Disabling redirect-following on the initial request isn't enough because SSRF and open-redirect protections have to apply to every hop, not just the one your code explicitly requested. A common half-measure is setting allow_redirects=False (requests) or configuring a PoolManager to reject redirects in urllib3, checking the first destination against the allowlist, and calling it done — but if the application ever does follow a redirect chain (directly, or through a proxy layer that re-enables it), each subsequent Location header is attacker-influenced data that hasn't been checked. urllib3's own documentation notes that redirect handling configured at the pool or session level doesn't substitute for revalidating the destination on every hop. The robust pattern is to fetch with redirects disabled, inspect the Location header yourself, re-run the full validation (allowlist plus IP-range check) against that new URL, and only then issue the next request manually — repeating until you hit a non-redirect response or a hop limit.

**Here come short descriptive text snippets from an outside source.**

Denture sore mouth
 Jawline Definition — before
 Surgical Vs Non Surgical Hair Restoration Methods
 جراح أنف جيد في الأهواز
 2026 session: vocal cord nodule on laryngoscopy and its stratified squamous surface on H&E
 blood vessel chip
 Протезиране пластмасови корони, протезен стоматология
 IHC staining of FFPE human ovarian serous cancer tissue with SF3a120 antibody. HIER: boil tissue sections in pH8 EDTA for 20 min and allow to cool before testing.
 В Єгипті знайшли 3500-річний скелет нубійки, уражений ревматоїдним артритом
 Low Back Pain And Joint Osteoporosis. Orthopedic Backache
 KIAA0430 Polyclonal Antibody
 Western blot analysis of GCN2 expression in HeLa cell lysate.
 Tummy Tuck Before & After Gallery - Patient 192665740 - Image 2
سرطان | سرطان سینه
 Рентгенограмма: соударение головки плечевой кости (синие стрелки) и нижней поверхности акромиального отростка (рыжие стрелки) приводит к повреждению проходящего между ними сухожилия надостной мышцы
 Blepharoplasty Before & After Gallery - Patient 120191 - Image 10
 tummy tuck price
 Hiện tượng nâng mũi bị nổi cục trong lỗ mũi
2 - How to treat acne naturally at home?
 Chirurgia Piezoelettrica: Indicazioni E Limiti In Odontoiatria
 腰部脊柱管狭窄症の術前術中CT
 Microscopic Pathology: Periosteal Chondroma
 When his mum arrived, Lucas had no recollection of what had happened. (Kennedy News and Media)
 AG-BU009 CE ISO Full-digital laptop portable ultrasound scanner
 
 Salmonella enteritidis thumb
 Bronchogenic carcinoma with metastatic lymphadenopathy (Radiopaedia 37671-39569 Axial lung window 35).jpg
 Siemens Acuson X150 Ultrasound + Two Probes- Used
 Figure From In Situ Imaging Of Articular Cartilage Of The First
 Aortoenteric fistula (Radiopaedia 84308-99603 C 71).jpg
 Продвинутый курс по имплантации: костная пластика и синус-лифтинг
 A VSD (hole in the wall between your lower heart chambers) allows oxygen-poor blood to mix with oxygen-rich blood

What's the safest way to actually connect once a URL passes validation?
The safest approach is to resolve the hostname to an IP, validate that specific IP, and then connect to the validated IP directly — rather than validating a hostname and letting the HTTP client re-resolve DNS moments later. Between your check and the actual connection, DNS can answer differently a second time; an attacker controlling a domain's DNS records can serve a public IP to your validator and a private one to your HTTP client, a timing gap known as DNS rebinding. Pinning the resolved IP for the connection (for example by passing it explicitly or using a custom transport adapter) closes that window. Combined with allowlisting, ipaddress-based range checks on the resolved address, and per-hop redirect revalidation, this closes the three gaps — parser disagreement, incomplete range coverage, and resolve-time-of-check-to-time-of-use drift — that let SSRF and open-redirect bugs survive despite validation code that looks reasonable on first read.